**Exercise**.
With pictures removed, print the listing exactly.

**Collected material**.
########

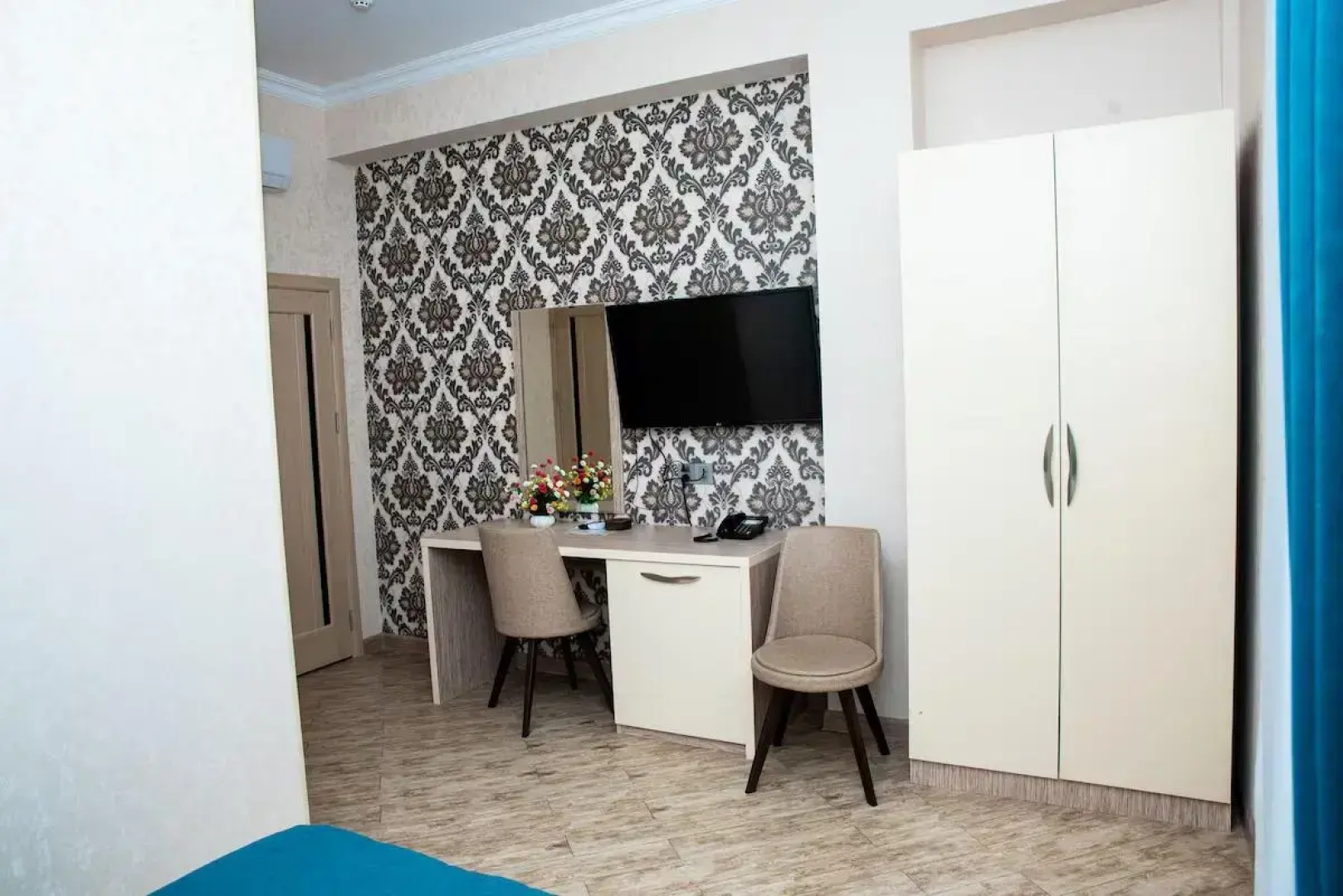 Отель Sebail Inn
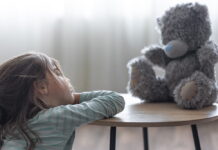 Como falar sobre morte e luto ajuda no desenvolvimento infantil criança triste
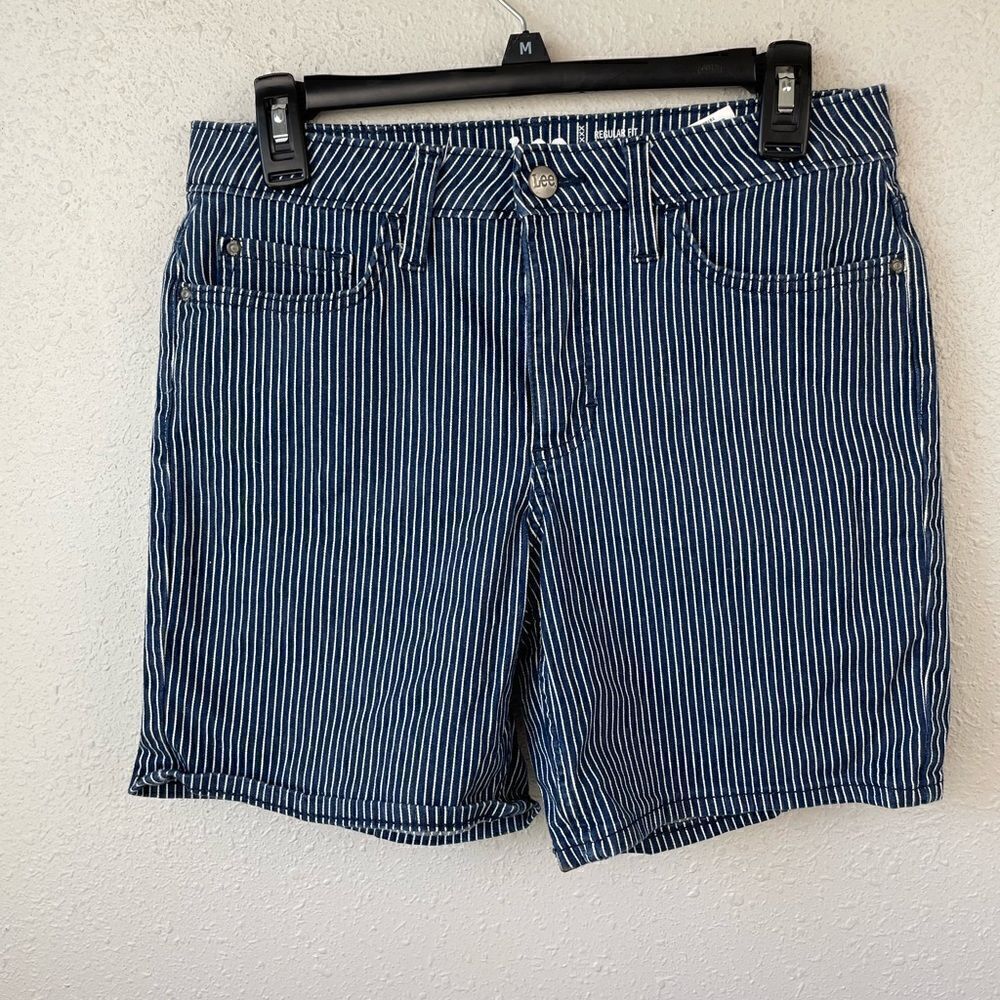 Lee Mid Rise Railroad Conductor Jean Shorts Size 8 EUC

########

**Response box**.
 Отель Sebail Inn
 Como falar sobre morte e luto ajuda no desenvolvimento infantil criança triste
 Lee Mid Rise Railroad Conductor Jean Shorts Size 8 EUC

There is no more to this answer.